Instructions for the task>
Reproduce the entries below exactly, but leave the pictures out.

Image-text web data
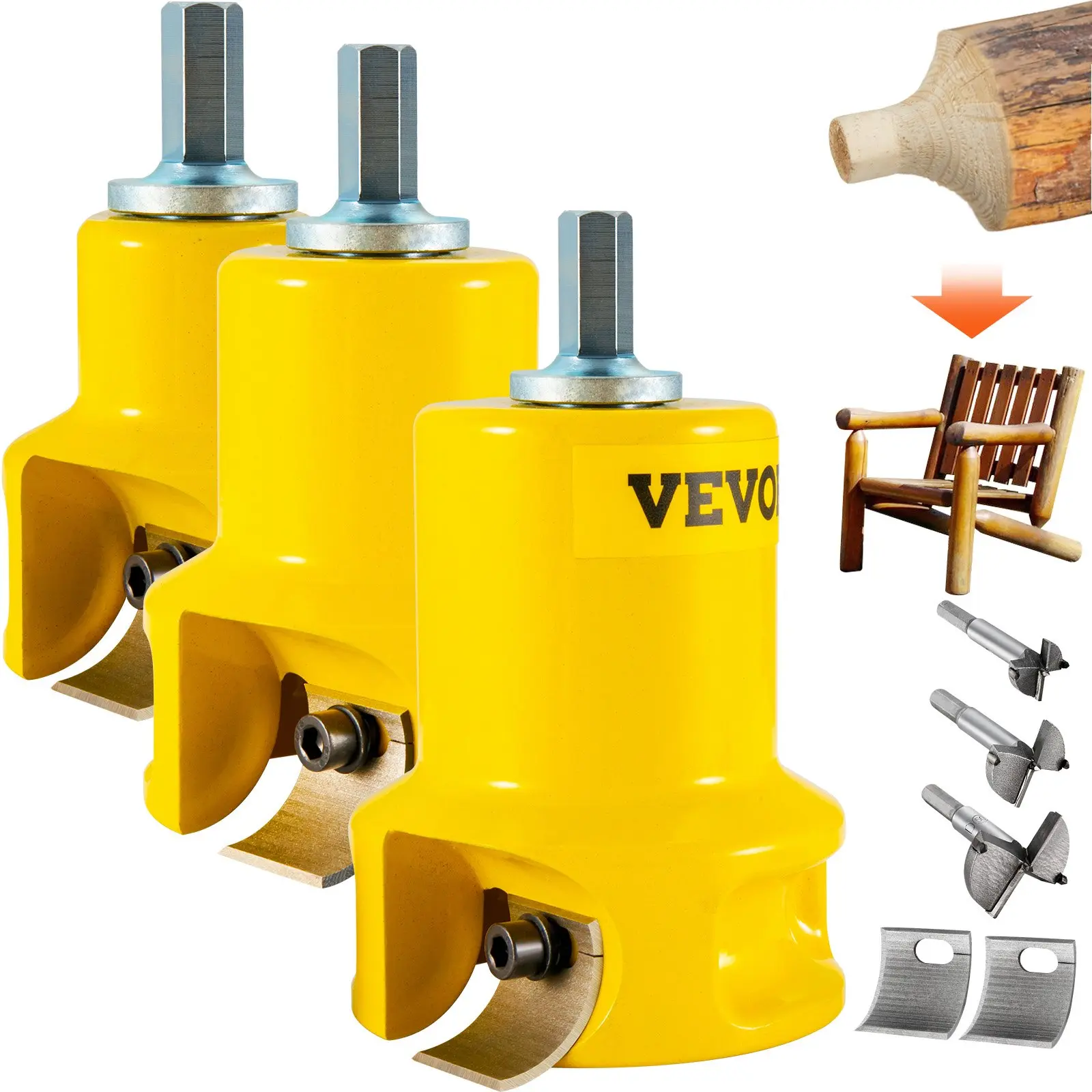 【summerfinds】VEVOR Tenon Cutter, 1"/25.4mm & 1.5"/38mm & 2"/50.8mm, Premium Aluminum & Steel Log Furniture Cutter, with Dual Curved Blades & Button Screws Home Master Kit, Commercial Starter’s Tool for Home DIY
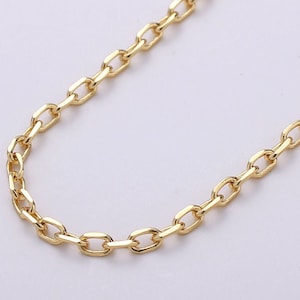Gold Rolo Cable Chain by Yard, Oval Link Chain, Wholesale bulk Roll Chain for DIY Jewelry , Thickness 2.6 mm,159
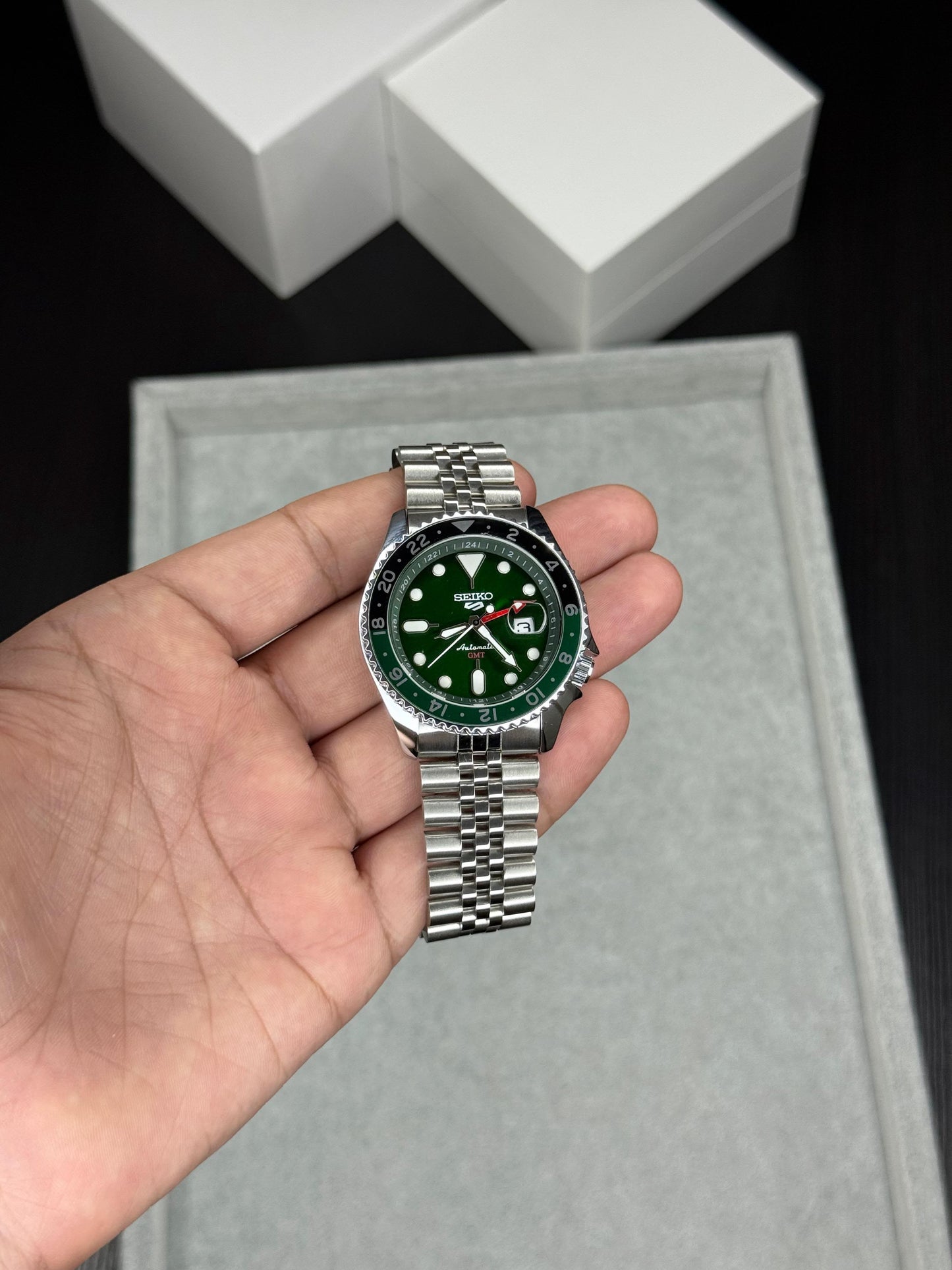 Silver Green Metal Watch
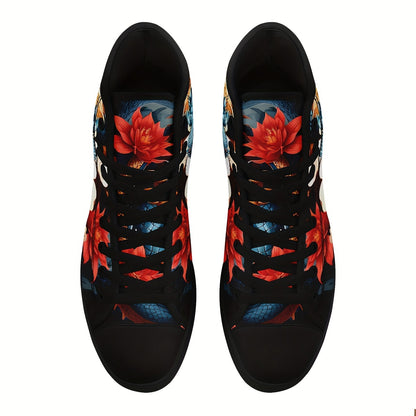 Men's Dragon Pattern High Top Skateboard Shoes - Non-Slip, Durable Lace-Up Sneakers - Hiccupzz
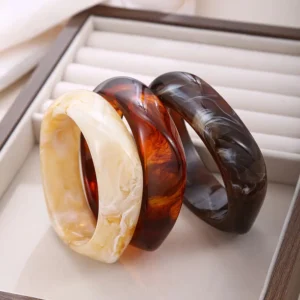 Resin Statement Bracelets – 3‑Piece Set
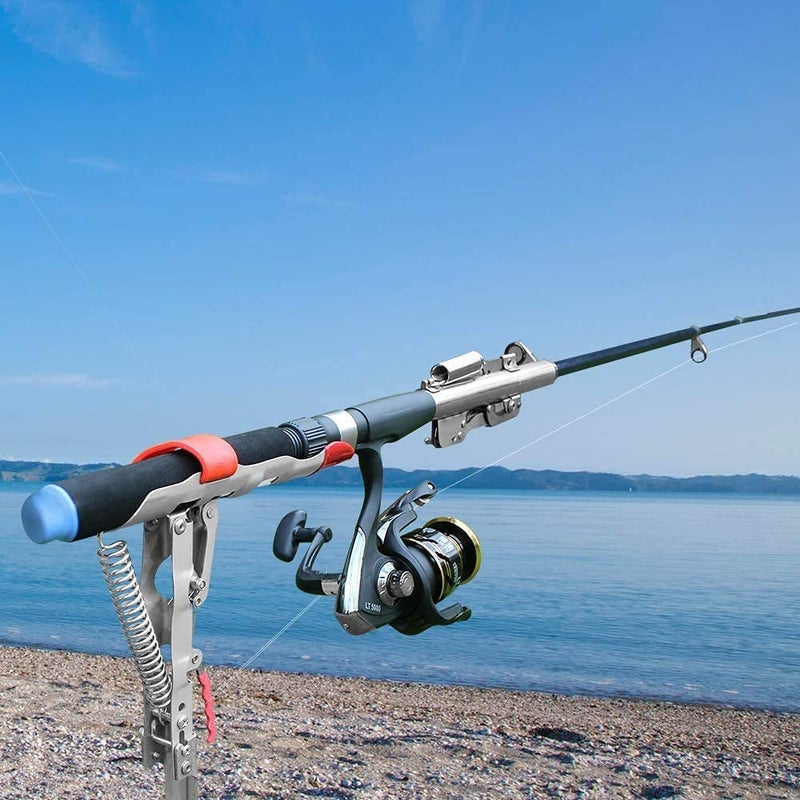 LBW Automatic Spring Fishing Rod Holder for Ground Bank Fishing Pole Holder Hook Setter Adjustable High Sensitivity Stainless Steel Spring Loaded Rod Holder for Fishing 1 Pack - Image 5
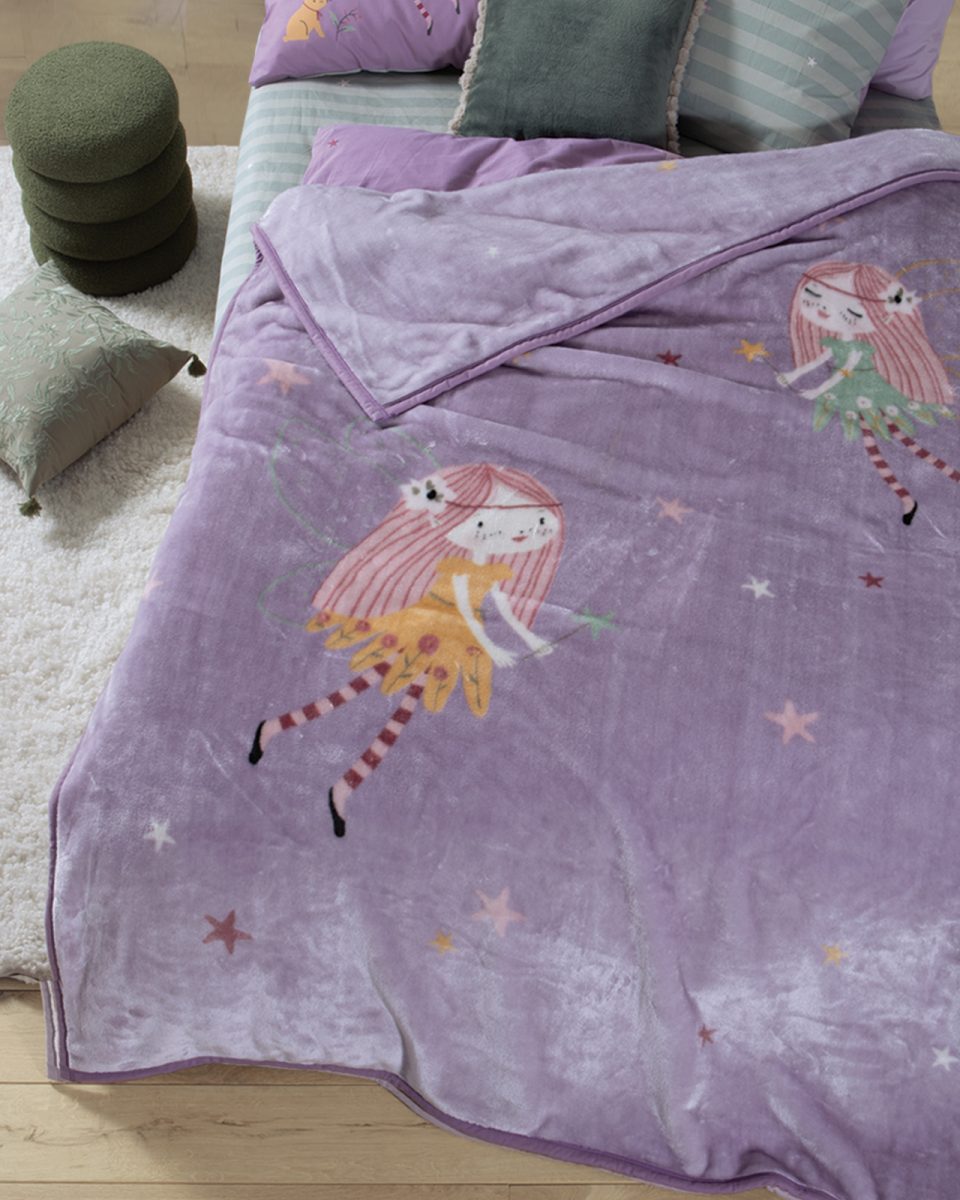 Παιδική Κουβέρτα Μονή 160Χ220 Nef-Nef Homeware Fairy Tale Mauve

Answer space>
 【summerfinds】VEVOR Tenon Cutter, 1"/25.4mm & 1.5"/38mm & 2"/50.8mm, Premium Aluminum & Steel Log Furniture Cutter, with Dual Curved Blades & Button Screws Home Master Kit, Commercial Starter’s Tool for Home DIY
Gold Rolo Cable Chain by Yard, Oval Link Chain, Wholesale bulk Roll Chain for DIY Jewelry , Thickness 2.6 mm,159
 Silver Green Metal Watch
 Men's Dragon Pattern High Top Skateboard Shoes - Non-Slip, Durable Lace-Up Sneakers - Hiccupzz
 Resin Statement Bracelets – 3‑Piece Set
 LBW Automatic Spring Fishing Rod Holder for Ground Bank Fishing Pole Holder Hook Setter Adjustable High Sensitivity Stainless Steel Spring Loaded Rod Holder for Fishing 1 Pack - Image 5
 Παιδική Κουβέρτα Μονή 160Χ220 Nef-Nef Homeware Fairy Tale Mauve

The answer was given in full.